Florida Republicans once had a robust vote-by-mail program that helped give them the edge over Democrats in the state. Unfortunately, however, President Donald Trump's conspiracies have killed any lead the GOP held.
The New York Times cited University of Florida political science professor Michael McDonald, who said that this is the first election in which Democrats are casting more early votes than Republicans.
"In Florida, he said, 11.5 percent of Democrats who requested absentee ballots have returned them, compared with 8.7 percent of Republicans," the Times reported. "The same pattern emerges in another battleground state, North Carolina, where the return rate for Democratic ballots is 32.9 percent, and the return rate for Republicans is 27.4 percent."
In 2016, Trump's early-vote turnout swamped Hillary Clinton, particularly in states like Florida. It's a problem that Republicans are beginning to understand is a problem. The report explained that the GOP expected suppressed turnout because of Trump's conspiracies; they didn't expect it to be this bad.
"And a lack of absentee ballots returned could leave the GOP blind as it adjusts its get-out-the-vote operation in the weeks ahead," said the Times.
"One of the advantages of having absentee ballots or voting by mail is it gives you a little bit of a snapshot as they are returned, and finding out who is returning them and where you are in your field operation," said GOP strategist Matt Gorman. "If Republicans aren't getting accurate reads on that, they're not getting accurate reads on where they need to adjust more."
A top adviser to Sen. Marco Rubio (R-FL), Alex Conant, explained that the president's attacks on voting by mail have suppressed GOP turnout.
"In Florida, Republicans have a really good early-vote program," he said. "The president takes advantage of it. So why the president would tell Republicans in Florida not to vote early, when historically that's how we run elections in Florida, is very concerning."

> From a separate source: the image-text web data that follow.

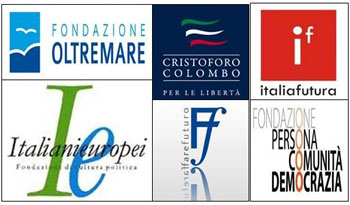 Partiti e fondazioni,   serve la trasparenza 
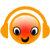 Meragana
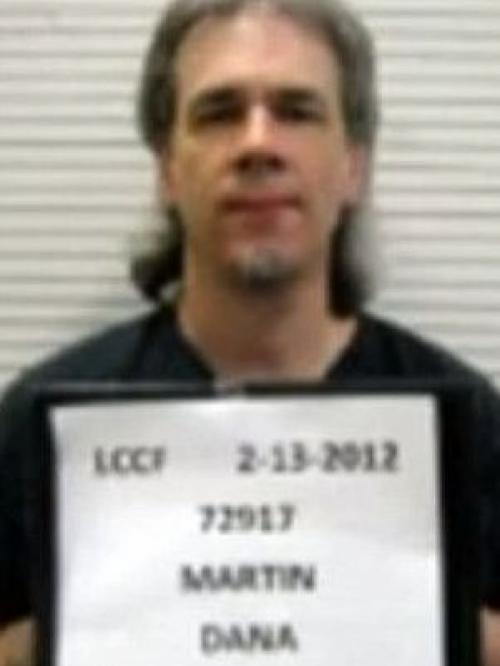 Безумная любовь: самые известные случаи нападения фанатов на знаменитостей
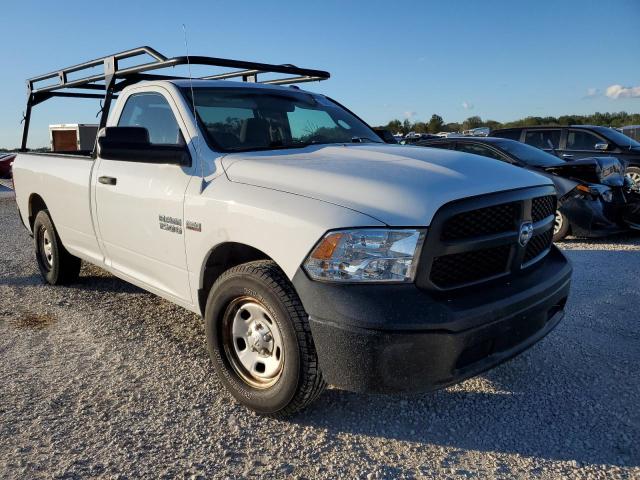 Photo 3 VIN: 3C6JR6DT2DG507590 - RAM 1500 ST 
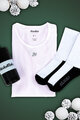 HOLOKOLO WHITE & BLACK XMAS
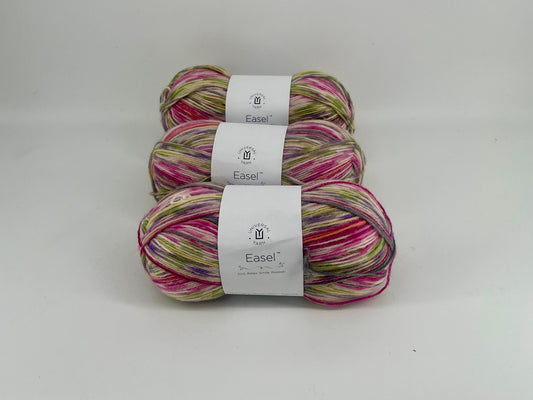 Universal Yarn Easel - Lot of 3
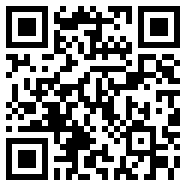 一亩田app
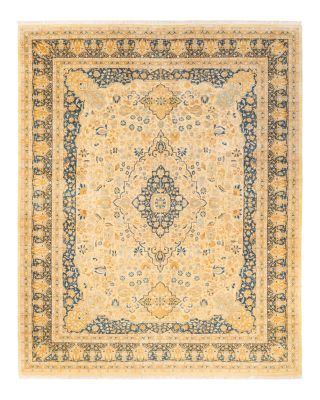 Bloomingdale's Mogul Area Rug, 8'2 x 10'1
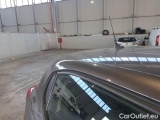  Citroen  C3 CITROEN  / 2020 / 5P / BERLINA BLUEHDI 100 SeS FEEL PACK #26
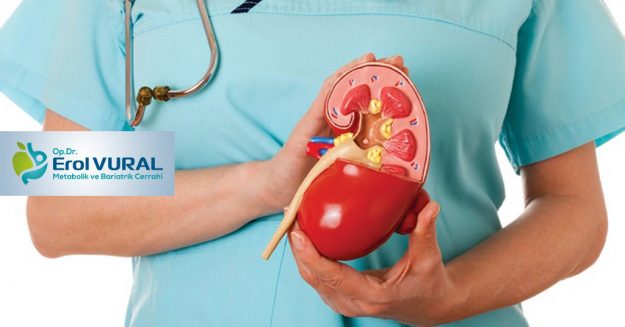 Diyabet_ve_Böbrek_Sorunlari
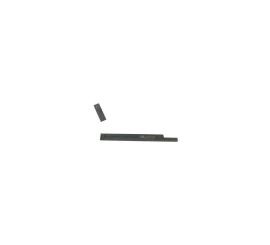 Rámeček optické jednotky pro Lenovo ThinkPad T400 T420S T430S T410 T500 Fru:N/A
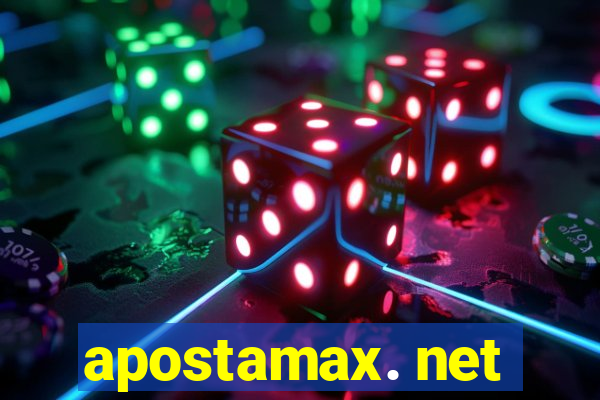 apostamax. net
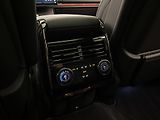 Land Rover Range Rover (2026) SV BLACK P615 SWB  - náhled 60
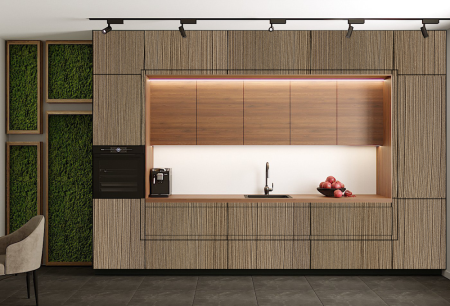 Каштановый феникс_2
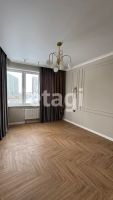 Лот: 25295131. Фото: 7. 2-комн. квартира , Красноярск...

According to polls in 11 battleground states, 56 percent of Republicans say they plan to vote in person, where just 26 percent of Democrats say they will. Given that polling places have been cut all over the country, this could mean extra long lines for the GOP, which could also suppress their turnout.
Ironically, Democrats sought to use another stimulus package to help fund voting operations so that polling locations wouldn't be shut down. Republicans refused to support it, essentially hurting their own voters who plan to vote on Election Day.